Look at Facebook’s board, and you’ll see that most of the directors are not even in IT.  One runs a newspaper.  Another was a former university president. 
ScottWeiner writes on the Huffington Post: “This is stupid. He created the company he get’s to pick the board.”
Scott Weiner, that is the same argument white restaurants owners gave in 1964 to explain why they shouldn’t have to serve black customers.  It was the same argument white businessmen gave to explain why they shouldn’t have to hire black employees.  Liberty for themselves >  justice for all.
But let’s go with it.  You’re a libertarian, right?  Well, Rand Paul argued against the Civil Rights Act of 1964 because it was redundant:  the public outcry against such a business would be so strong that it would have to change.  We’re not asking for quotas, or government intervention. We’re asking for an outcry.  
TwoWAyZone writes on the Daily Beast: “I think that is what women do on boards, they take the fun away.”
Ugh. No more fun! #FML.

Why the Hype about Facebook’s Board is “Just Blabber”

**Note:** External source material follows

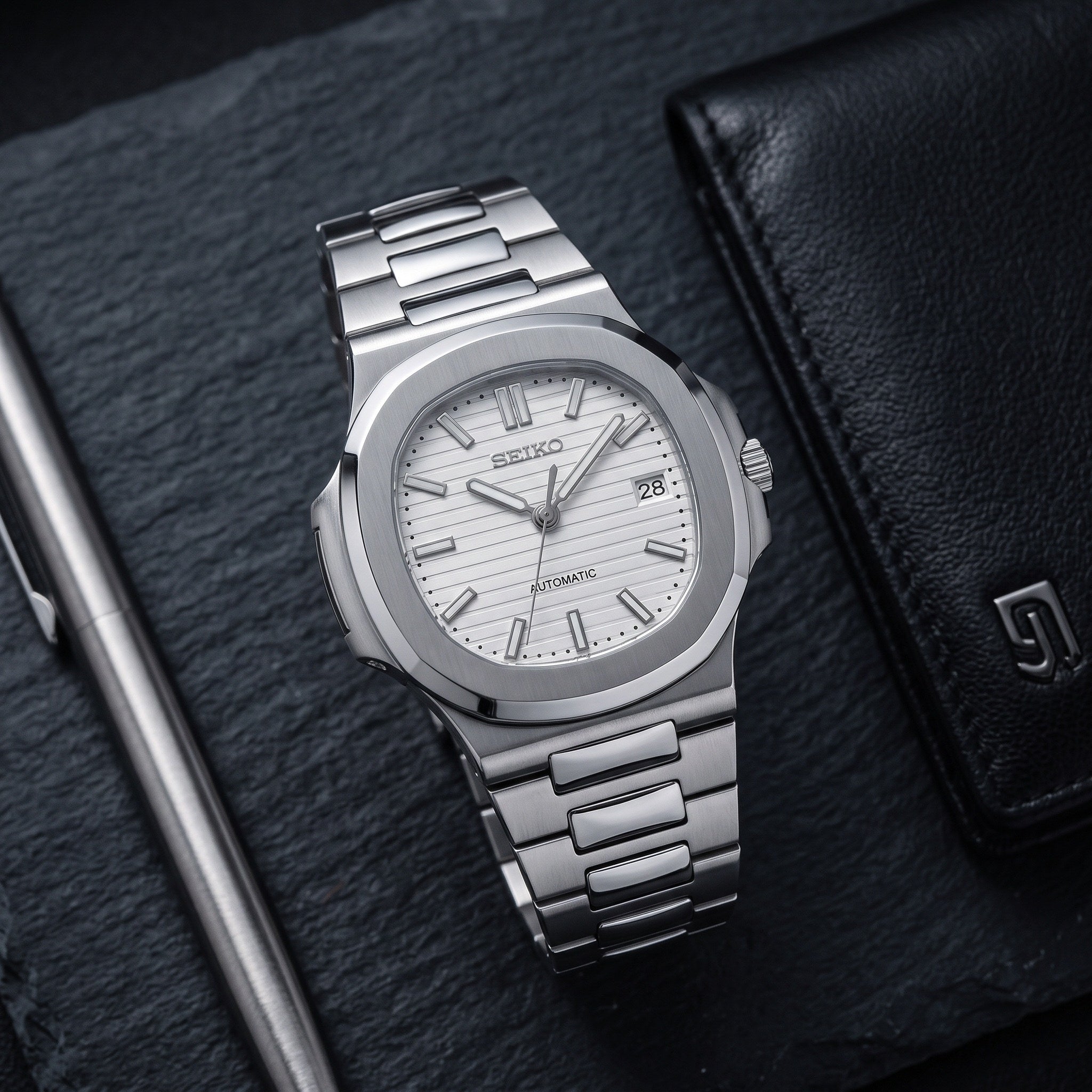Naut Mod – Steel · Silver Dial – 41mm – Automatic – lifestyle flat lay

Someone just sent us a link to a blog by Jeff Carter—a self-described “serial entrepreneur, angel investor, and independent trader”—which says that the hype about Facebook’s board is just blabber!  It’s from February, but it’s so good, we had to talk about it here.

To start, Jeff follows a familiar line of argument:  Businesses should not seek out diversity for diversity’s sake but diversity of opinion.  The factors that contribute to the diversity of opinion are class, professional background, and—get this—geography.  (But mind you, not race or gender!)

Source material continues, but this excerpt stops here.